– Жаль, что вы глухой: много интересного.
– Дайте человеку выпить (это мы украли у леди Эшли, у Брет Эшли – она долго оставалась нашим кумиром и героиней).
Мы – все трое – были «монастырь», «белые передники» – так называл нас Максим, а мы не хотели этому верить, нам хотелось жить лихо, непременно лихо (это слово мы тоже любили) и любить, и мучиться, и говорить: дайте человеку выпить.
И вот тогда появился Платон[3].
Именно появился. Однажды вечером у Белорусского вокзала. Я не помню, откуда мы шли и почему оказались у Белорусского. Максим вдруг нырнул в толпу и тотчас же вынырнул, и рядом с ним был Платон.
– Это – Платон, – сказал он, как нам показалось, растерянно, – я вам говорил, помните? Это – Платон.
Мы тоже растерялись. Платон? Тот самый. Вот он какой. Стриженный ежиком. («Ну да, ведь это его там остригли»). Красивый. («В него был влюблен весь институт. Платон в красном шарфе – кумир», – Максим рассказывал о нем, не жалея красок.) Но тогда он был еще там, а теперь вот он, живой или – лучше – воскресший.
Максим заторопился.
– Ну пойдем, старик, пойдем, надо же выпить, – спасительно вспомнил он. – Сейчас же надо выпить.
Платон усмехнулся:
– Не суетись. Мы еще успеем выпить. Я же вернулся.
И, наклонившись к нам, сказал другим, серьезным голосом:
– Вы знаете, я сидел.
Мы потом часто слышали эту фразу. При каждом новом знакомстве он произносил ее – точно визитную карточку протягивал:
– Вы знаете, я сидел.
Это нас раздражало. Мы не понимали, для чего надо было всякий раз повторять эти четыре слова. Но тогда – в первый раз – они потрясли нас. Стоя в толчее московского метро, мы остро ощутили одиночество этого человека и со всей добротой юности мгновенно и навсегда пожалели его.
Должно быть, только в начале жизни, «на утре дней» человек бывает так безоговорочно добр. Мы были добры, а вот Максим – нет. Его «утро дней» наступило и прошло давно, была война, фронт, потом Москва, Литературный институт, первый успех, и первая зависть, и первое поражение, и тот страшный день, когда увели Платона и всех ребят из его семинара. Максим был в другом семинаре. Этот день остался отметиной на всю жизнь.
– Дуры! – говорил он нам. – Что вы понимаете?
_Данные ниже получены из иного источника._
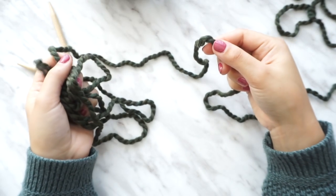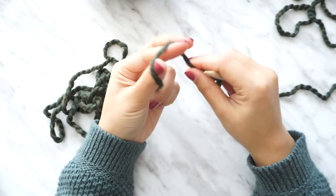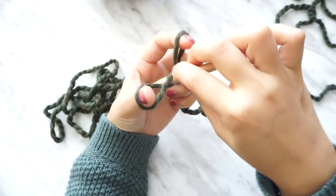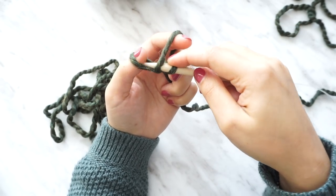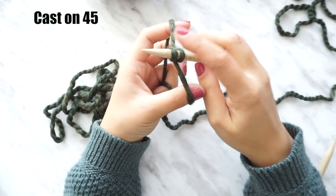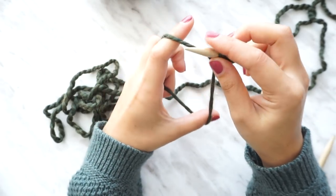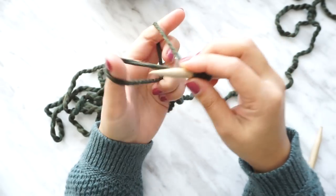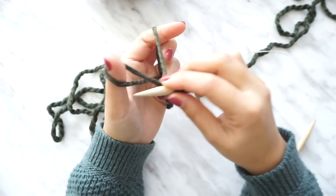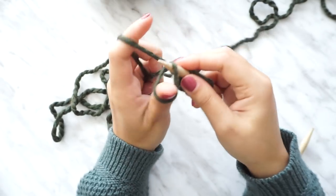To begin, leave a yarn tail of about two meters — that's enough. You don't want to leave a longer tail because, as I mentioned, you won't have enough yarn to finish the hat. Now we're going to start casting on the stitches. For this pattern we're going to cast on 45 stitches.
Этот – просто дерьмо.
У него очень многие были «просто дерьмо».
– Не злобствуй, – говорила ему в таких случаях Инга, а глаза у нее смеялись.
Они всегда смеялись, когда она смотрела на него. Даже когда сердилась – смеялись. И когда плакала. Честное слово, когда она плакала, глаза непостижимым образом смеялись, если она смотрела на него.
Никогда больше я такого не видела. Да и никто из нас. Это была уже не любовь, а всепоглощение какое-то. Но любовь всегда – всепоглощение. Только у Инги она была – без дна.
…Мы все-таки пили в тот вечер. Максим просто не мог допустить, чтобы мы не выпили по такому серьезному поводу.
Мы сидели притихшие и грустные, а Максим шумно радовался, и было видно, что он чувствует себя виноватым перед Платоном, навеки виноватым за то, что учился в другом семинаре.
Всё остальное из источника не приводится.